Exercise instructions: Retype the data that follows exactly. No pictures belong in the copy.
━━━━━ Collected material
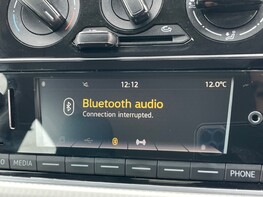 Volkswagen Up MOVE UP 27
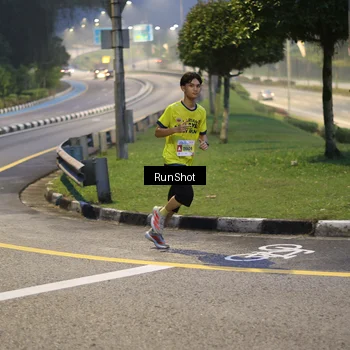 Runner Photo 7040392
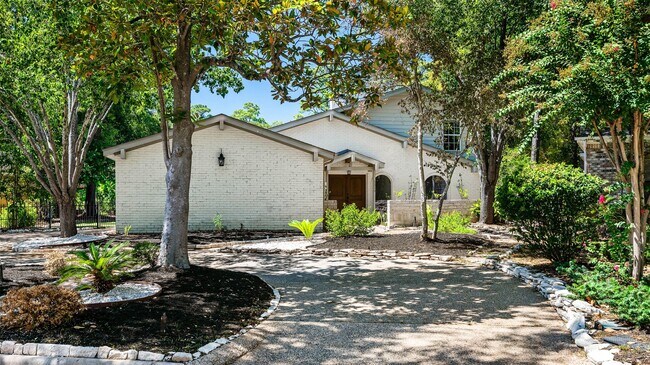 Photo - 3219 Chippers Crossing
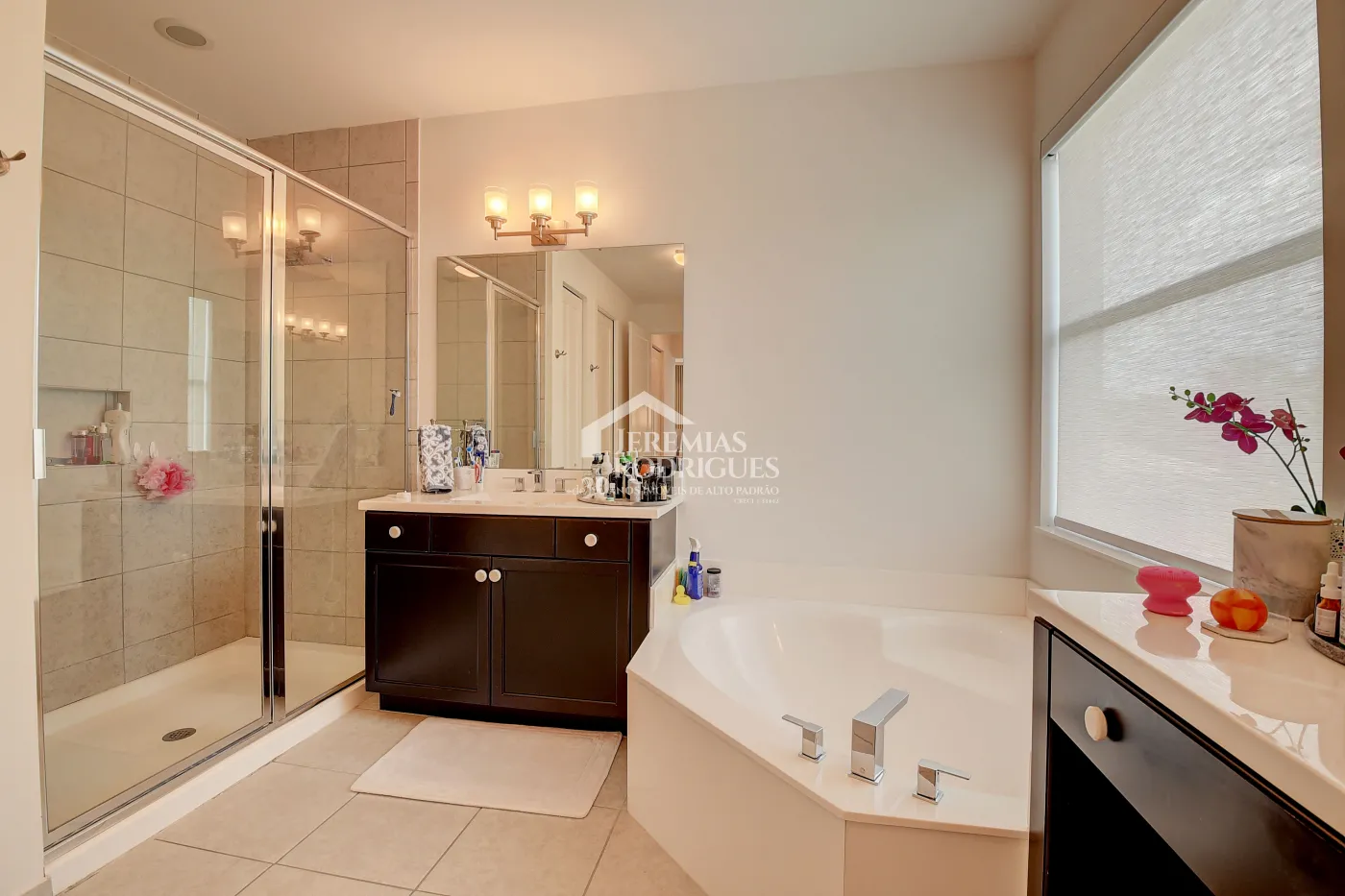 Casa com 4 dormitórios - Condomínio Dakota - Miami/ Flórida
━━━━━━━━━━
The completed task:
 Volkswagen Up MOVE UP 27
 Runner Photo 7040392
 Photo - 3219 Chippers Crossing
 Casa com 4 dormitórios - Condomínio Dakota - Miami/ Flórida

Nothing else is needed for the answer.